Genetic engineering: genetically modified crops for China’s fields

Genetically modified crops require large-scale and large-scale field trials before they can be used. The new guidelines state that developers of genetically modified crops that pose no environmental or food safety risk should only provide lab data and conduct small-scale field trials.

However, some criticize that the guidelines are vague. Applicable to crops in which genes have been removed or single nucleotides have been modified using genetic engineering. However, it is not clear whether they also apply to crops in which DNA sequences from other varieties of the same species have been introduced. “We need to confirm whether this is allowed,” says Chengcai Zhou, a rice geneticist at South China Agricultural University in Guangzhou, because it is important that the rules are clear.

The researchers are already planning to focus their work more on developing new crops that will be beneficial to farmers.

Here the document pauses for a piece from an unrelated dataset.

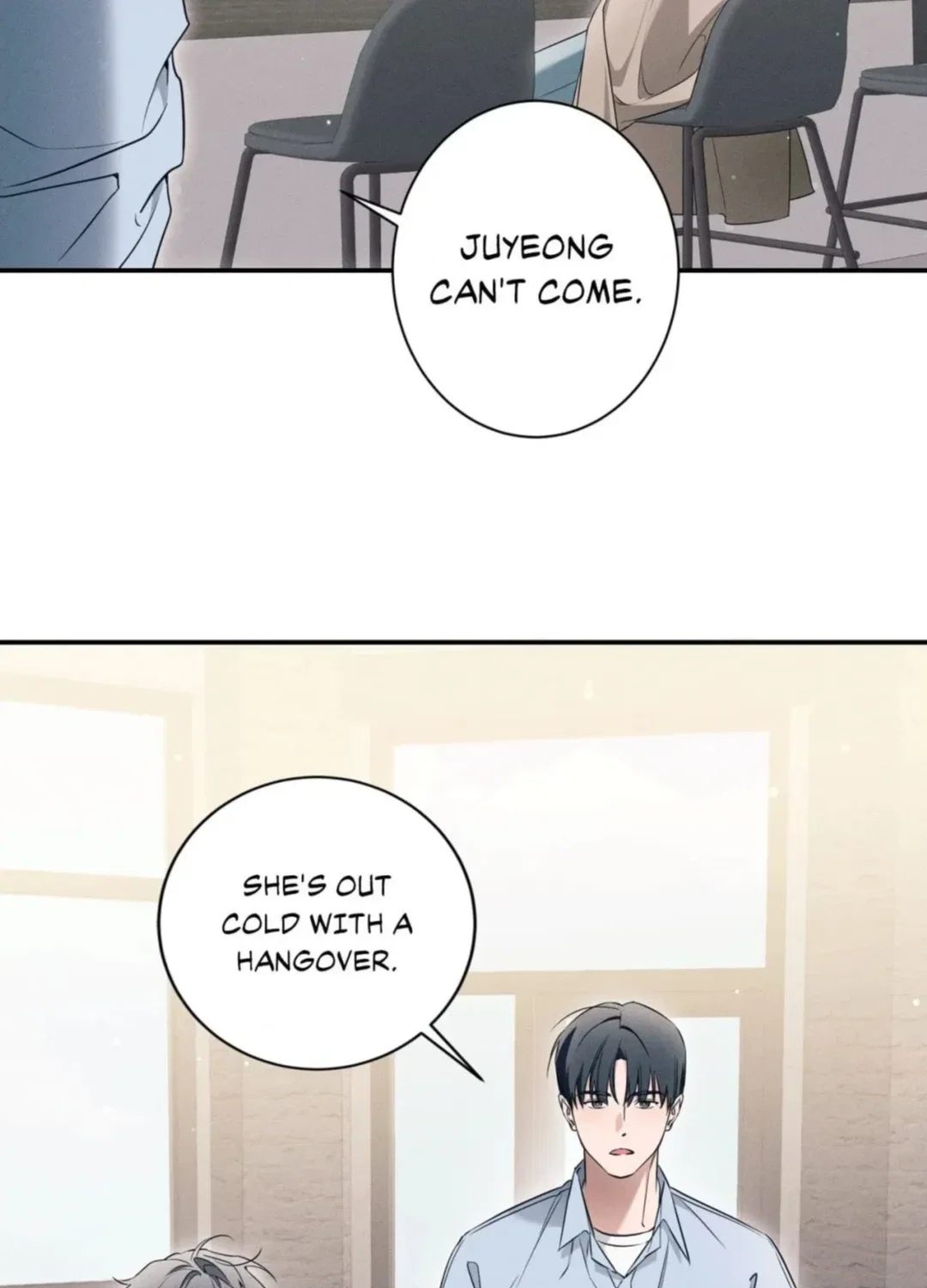Friends Forever-Not Chapter 3 - Page 12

For example, Jian-Kang Zhu, a plant molecular biologist at the Southern University of Science and Technology in Shenzhen, wants to develop genetically modified varieties that bring higher yields, better adaptability to climate change, and a better response to fertilizers. Others make applications for rice, which is particularly aromatic, and soybeans, which are high in oleic fatty acids, which can produce an oil low in saturated fat.

China’s research in genetically modified crops has already succeeded

Rotten-resistant gau wheat could be one of the first wheat approved. In 2014, a plant biologist and her team used gene editing to turn off the gene that makes wheat susceptible to a fungal disease, but they found that The changes also inhibited plant growth. However, one of their modified plants grew normally, and the researchers found that this was due to deleting a portion of the chromosome that did not suppress expression of the gene responsible for sugar production.